This must be the first message sent on a new connection. It is used to negotiate a common protocol version and describe the service names on both ends. In the future, we will likely use this to negotiate authentication and authorization between services.

version

version is a 16 bit number. The currently specified protocol version is 2. If new versions are required, this is where a common version can be negotiated.

headers

There are a variable number of key/value pairs. For version 2, the following are required:

name format description
host_port address:port where this process can be reached
process_name arbitrary string additional identifier for this instance, used for logging
tchannel_language arbitrary string a short string naming the implementation language (e.g. "node","python", "go").
tchannel_language_version arbitrary string a language specific version string indicating the version of the runtime or build chain as appropriate (e.g. `"0.10.32", "2.7.10", "1.5.1")
tchannel_version arbitrary string a semver string indicating the version of the tchannel library (e.g. "3.5.31", "2.7.9-g0123456")

For forward compatibility, implementations should ignore headers other than these listed above.

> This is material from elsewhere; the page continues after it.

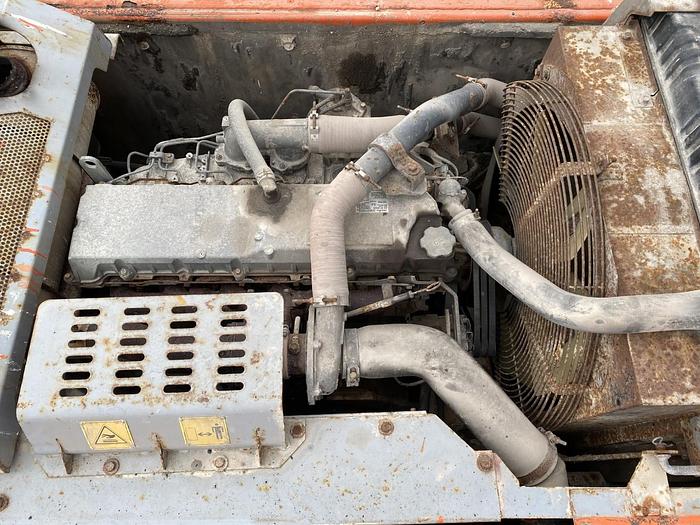 Usato 2005 FIAT KOBELCO E385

For connections where listening for new connections is not possible or doesn't make sense, implementations should send a host_port value of 0.0.0.0:0. This special value tells receiving implementations to use the results of getpeername(2) or equivalent API to uniquely identify this connection. It also tells receivers that this address is not valid beyond this connection, so it should not be forwarded to other nodes.

init res (type 0x02)

Schema:

version:2 nh:2 (key~2 value~2){nh}

The initiator requests a version number, and the server responds with the actual version that will be used for the rest of this connection. The name/values are the same, but identify the server.

call req (type 0x03)

Schema:

flags:1 ttl:4 tracing:25
service~1 nh:1 (hk~1 hv~1){nh}
csumtype:1 (csum:4){0,1} arg1~2 arg2~2 arg3~2

This is the primary RPC mechanism. The triple of (arg1, arg2, arg3) is sent to "service" via the remote end of this connection.

Whether connecting directly to a service or through a service router, the service name is always specified. This supports an explicit router model as well as peers electing to delegate some requests to another service.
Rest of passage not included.